Vicat announces FY20 sales of EUR2805m

Vicat announces FY20 sales of EUR2805m
17 February 2021

Vicat announced FY20 sales of EUR2805m, up 5.5 per cent from EUR2740m in FY19. EBITDA rose to EUR557m, up by 10.1 per cent LfL and EBIT increased to EUR298m, a rise of 17.5 per cent LfL. 

Vicat’s consolidated net income reached EUR172m, up 17.5 per cent LfL from EUR160m in FY19. Cash flow totalled EUR461m up 12.9 per cent LfL and net debt fell to EUR1202m, down EUR88m. Leverage is at 2.16x.

EBITDA rose by EUR26m in the Americas, EUR14m in Asia, EUR9m in Africa and EUR1m in Europe. EBITDA fell by EUR9m in France and by EUR7m in the Mediterranean. Capital expenditure amounted to EUR300m of which almost half was invested on the new kiln line at the Ragland cement plant, Alabama, USA.

Geographical performance
In France sales totalled EUR963m in FY20, a decline of 3.5 per cent LfL from EUR987m in FY19. EBITDA in France also declined to EUR171m, a fall of 7.3 per cent from EUR182m in FY19. Vicat reported it had near-shutdown in mid-March but a strong 2H20 in its domestic market, while lower energy costs and the cost-cutting plan offset lower demand. 

In Europe FY20 sales amounted to EUR423m, up 1.2 per cent LfL from EUR401m in FY19. EBITDA increased to EUR97m up from EUR96m in FY19. The Swiss market was barely affected by the pandemic, but in Italy sales fell by 10.5 per cent and EBITDA was down by 34.4 per cent.

In the Americas FY20 sales rose to EUR636m, up 17.2 per cent LfL from EUR589m in FY19. Infrastructure and residential markets continued to grow. In Brazil sales reached EUR156m, rising by 49 per cent. Brazilian EBITDA also rose to EUR43m from EUR29m in FY19.

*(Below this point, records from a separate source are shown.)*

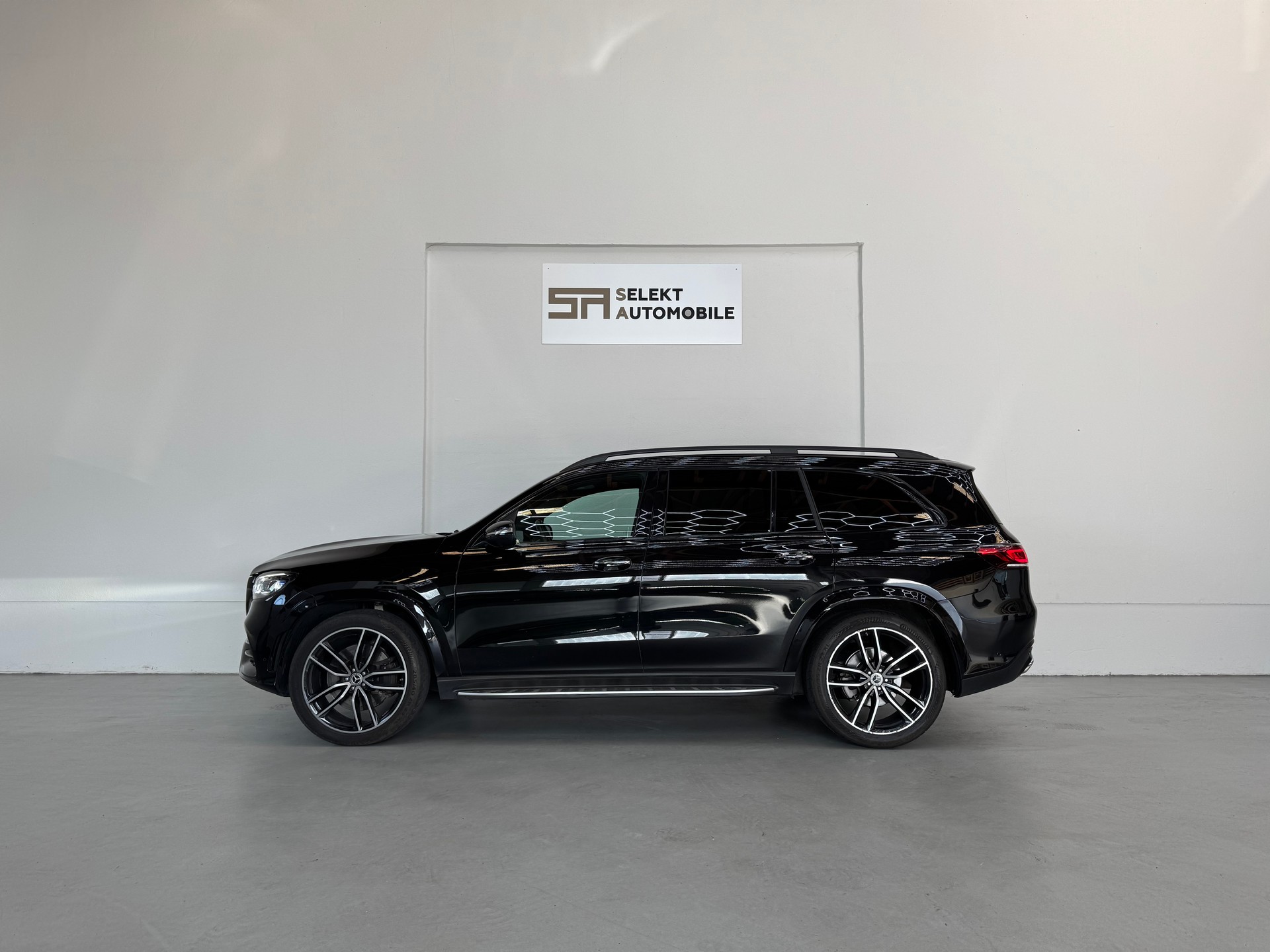 MERCEDES-BENZ GLS 350 d AMG Line 4Matic 9G-Tronic-showroom-element-3
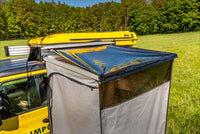 James Baroud Duschkabine am Dachzelt befestigt und aufgebaut.
Universelle Befestigung und Wasserdicht. Mit Dach.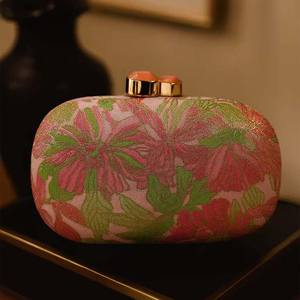 Sac à main de soirée élégant et moderne en polyester à motif floral avec chaîne bandoulière pour femme, idéal pour les banquets et les dîners - Product Image 2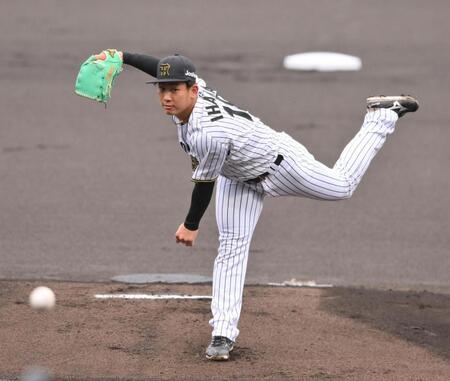 　力投する先発の伊原（撮影・西田忠信）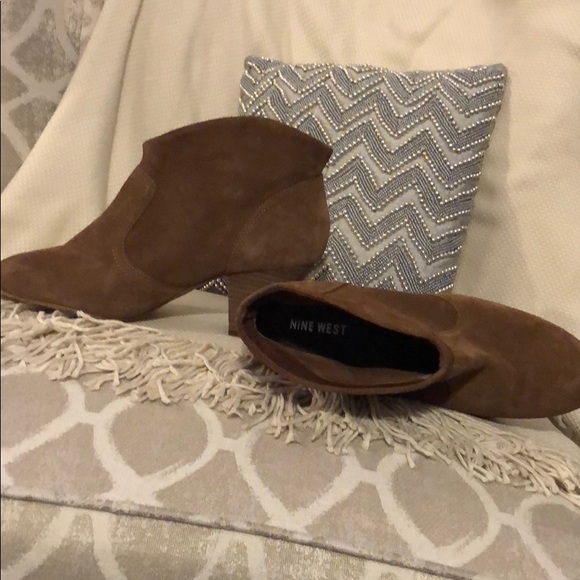 Nine West Brown Suede booties - Picture 3 of 3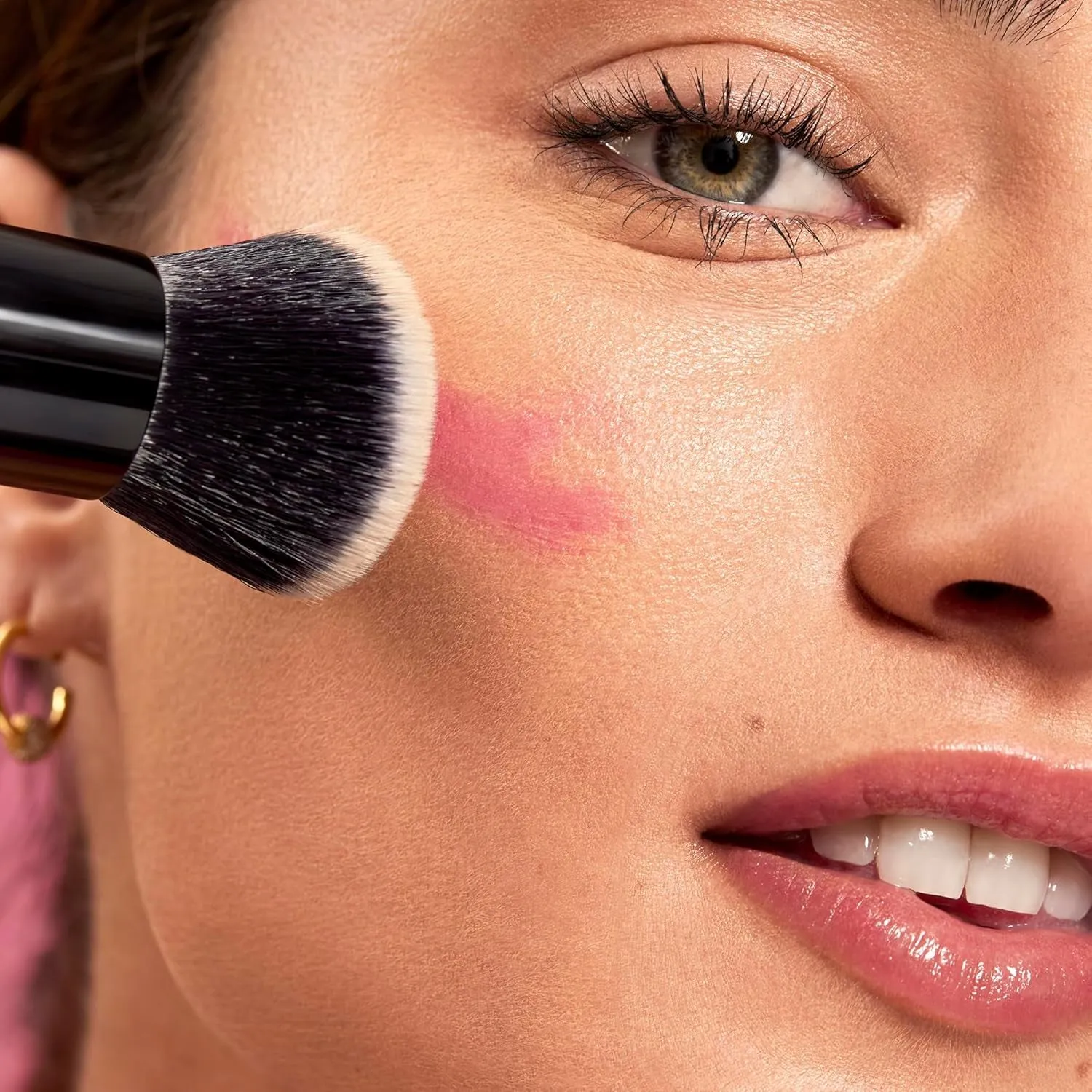 Camo Liquid Blush Brush, Angled Blush Brush Ideal for Applying & Blending Colors on Cheeks, Soft, Dense Bristles, Vegan & Cruelty-Free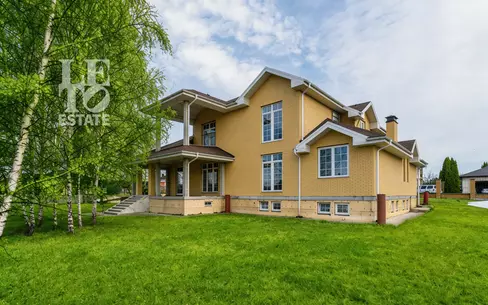 2-этажный коттедж 580 м² без отделки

Asian sales in FY20 totalled EUR248m, down by 0.1 per cent LfL from EUR375m in FY19. India saw a complete shutdown for almost a month in 1H20. The recovery came in the 4Q20, but Indian sales reached EUR286m in FY20, down 0.5 per cent on FY19. Kazakhstan had a sharp increase in 1Q20 export markets and the operating environment deteriorated in 2Q-3Q before volume growth returned in September. 

In the Mediterranean FY20 sales reached EUR173m, up 19.1 per cent LfL on EUR171m in FY19. EBITDA declined by EUR11m, having fallen by EUR4m in FY19. Turkish sales reached EUR124m, up 19.4 per cent and Turkish EBITDA reached EUR8m, down by 24.8 per cent on FY19. Egyptian FY20 sales totalled EUR49m, up 18.2 per cent LfL and EBITDA suffered a loss of EUR19m. Cement prices also decreased during the year.

African FY20 sales totalled EUR262m, a rise of 20.8 per cent LfL from EUR217m in FY20. EBITDA reached EUR56m compared to EUR47m in FY19. Cement sales dreamed by 15 per cent thanks to strong demand in Senegal. Other West African countries also saw increases in activity supported by a rapid ramp-up of Cement Matériaux du Mali’s subsidiary grinding plant and strong momentum in Mauritania. Meanwhile, government projects stoppages in Senegal held back aggregate sales. 

Climate reporting
Net CO2 emissions per tonne of cement produced in France fell by 15 per cent between 1990 and 2019. The group (operating in 12 countries) has committed to reducing CO2 emissions to 504kg net CO2 per tonne of cement by 2030. This equals a reduction of 13 per cent between 2019-30. Carbon neutrality has been targeted by 2050. The clinker factor is targeted to be decreased to 75 per cent in 2030 from 81 per cent in 2019 and alternative fuel usage will rise from 26 per cent in 2019 to 40 per cent in 2030. 

The group's operations are still expected to be significantly affected by the pandemic in 2021 but to varying degrees depending on individual government responses. Business levels are highly volatile. Other negative factors are unfavourable exchange rates and energy costs. The group will continue construction at the Ragland plant in the USA, boost capacity at plants in India and build new terminals while ramping up CO2 reduction. Investment in production facilities is estimated to EUR365m in 2021.